**Goal of the exercise**
An exact copy of all the lines below is required, with every image left out.

Segment Start: Provided material

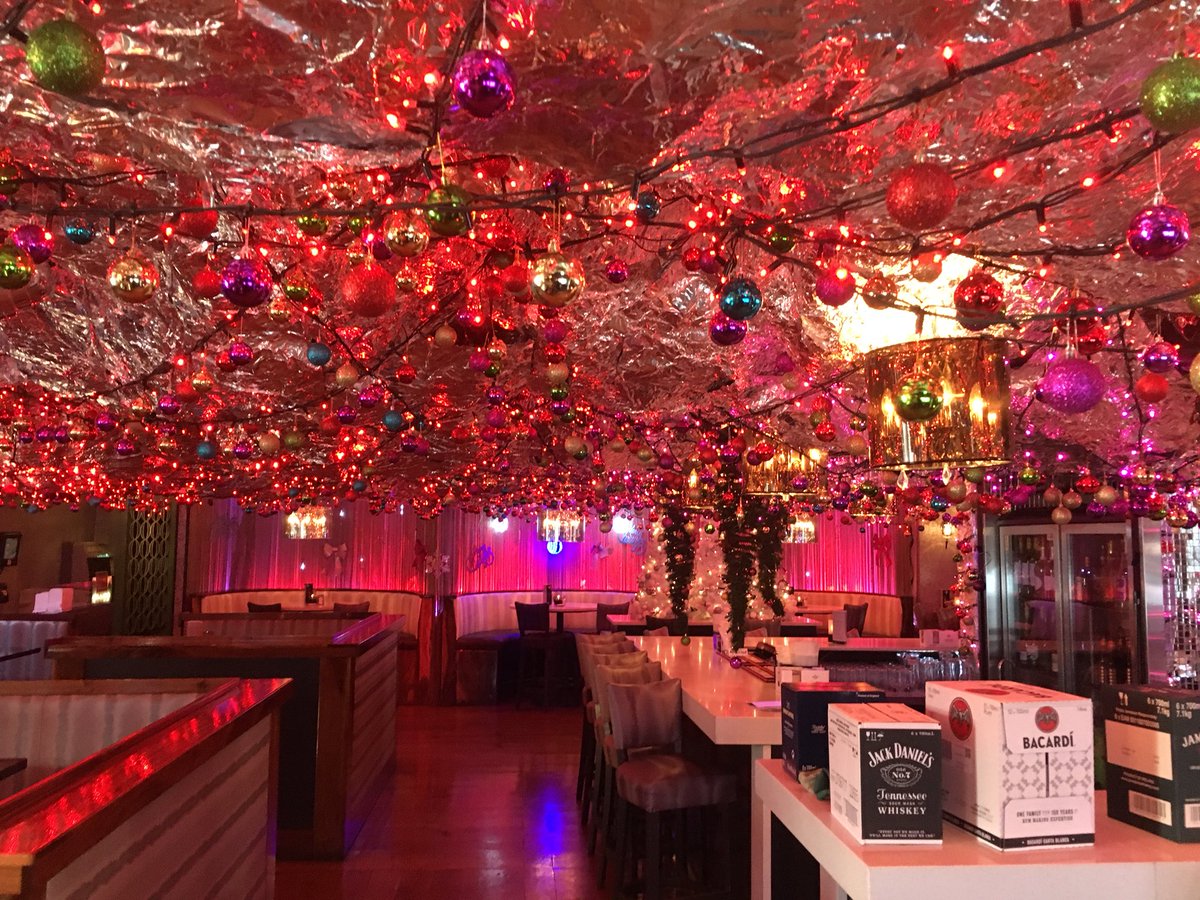 jackcodys's tweet image. The boys and girls at Ollie’s Skerries did a mega job on their Santa’s Grotto and they have a fine selection of Jack Cody’s 🍺🍺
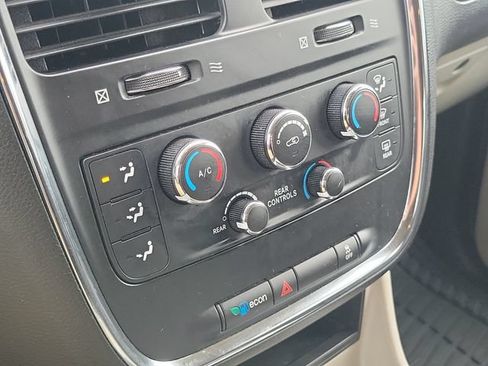 Used 2015 Dodge Grand Caravan SXT w/ UConnect Hands-Free Group FWD image 16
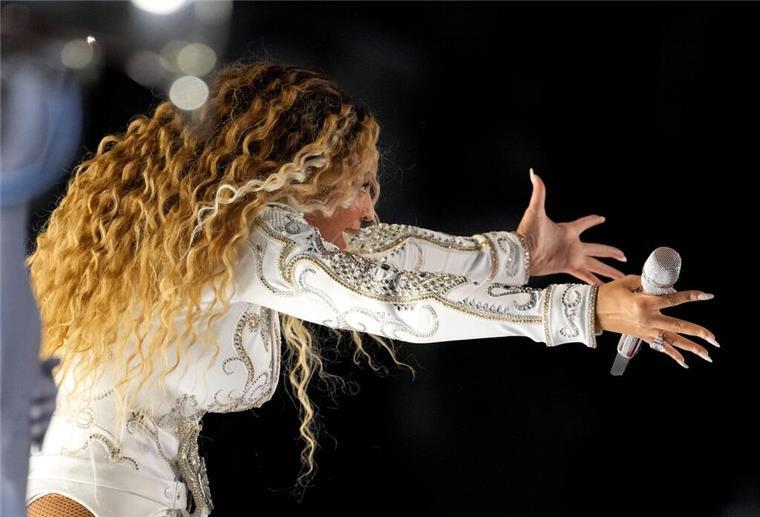 Beyoncé macht zu NFL-Auftritt mysteriöse Andeutung Beyoncé begeisterte Zuschauer mit einem spektakulären Auftritt.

Segment End: Provided material

**Solution**
 jackcodys's tweet image. The boys and girls at Ollie’s Skerries did a mega job on their Santa’s Grotto and they have a fine selection of Jack Cody’s 🍺🍺
 Used 2015 Dodge Grand Caravan SXT w/ UConnect Hands-Free Group FWD image 16
 Beyoncé macht zu NFL-Auftritt mysteriöse Andeutung Beyoncé begeisterte Zuschauer mit einem spektakulären Auftritt.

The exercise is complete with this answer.